So, there is no need to write to a log file.
Is this possible please?
Or my question in an alternative way:
can telegraf parses syslog outputs without it writing to a file firstly?
Not in 1.6, however there is work to add this underway. If you are feeling adventurous you can check the features/rfc5424-parser branch.
We’ve been using this parser to store syslog into influxdb for our internal testing.

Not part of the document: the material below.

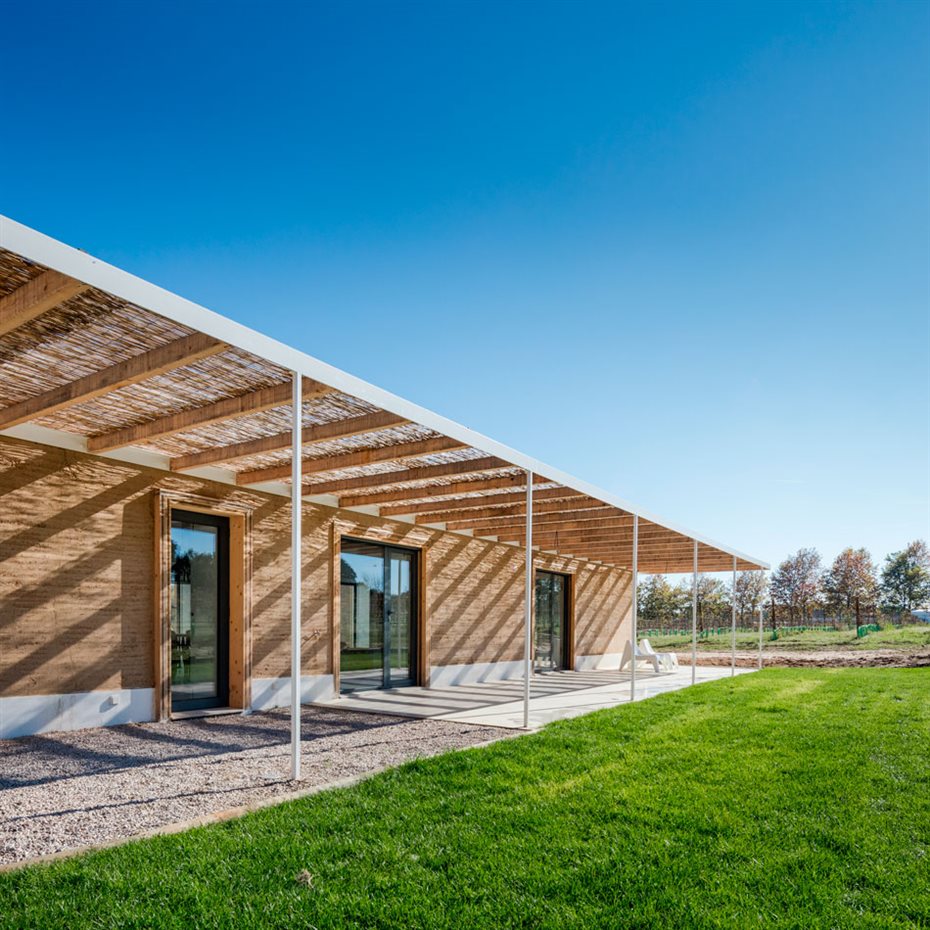 JM Casa Vinha 043. La tierra apisonada es una técnica constructiva tradicional que aporta un gran valor estético a la vivienda. Gracias a la fibra de vidrio se consiguen evitar las juntas verticales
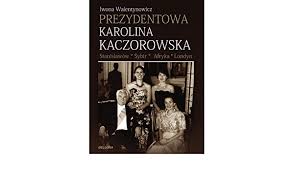 Karolina kaczorowska brała udział w ceremonii przekazania insygniów i był to dla niej pierwszy powrót do polski po 50 latach. Prezydentowa Karolina Kaczorowska Stanislawow Sybir Afryka Londyn Walentynowicz Iwona Amazon De Bucher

Here is how we configured rsyslog and telegraf’s socket_listener:
https://github.com/influxdata/telegraf/blob/feature/rfc5424-parser/plugins/parsers/syslog/README.md
Currently, this branch only works with syslog over UDP, but, we are working towards supporting TCP framing here: RFC 5425 by leodido · Pull Request #9 · influxdata/go-syslog · GitHub
Hi Daniel and Chris,
Thanks a lot for the advice. I shall try what Chris suggested. BTW, my version is 1.5.2
With best regards
Hi Daniel,
I have tried version 1.6.1 and had:
telegraf --config ~/telegraf/telegraf.conf
2018/04/27 10:33:48 E! Error parsing /home/jwang/telegraf/telegraf.conf, Invalid data format: syslog
[jwang@thw-dv-lamp-01 ~]$ telegraf version
Telegraf v1.6.1 (git: release-1.6 bf0ab27f)
Please advise
Thanks
The syslog work is still only on the development branch features/rfc5424-parser, if you would like to test it out right now you will need to build this branch from source. I expect it will be added to the master branch within a few weeks and then it will be available in the nightly builds, and I expect it to be included in the 1.7.0 release.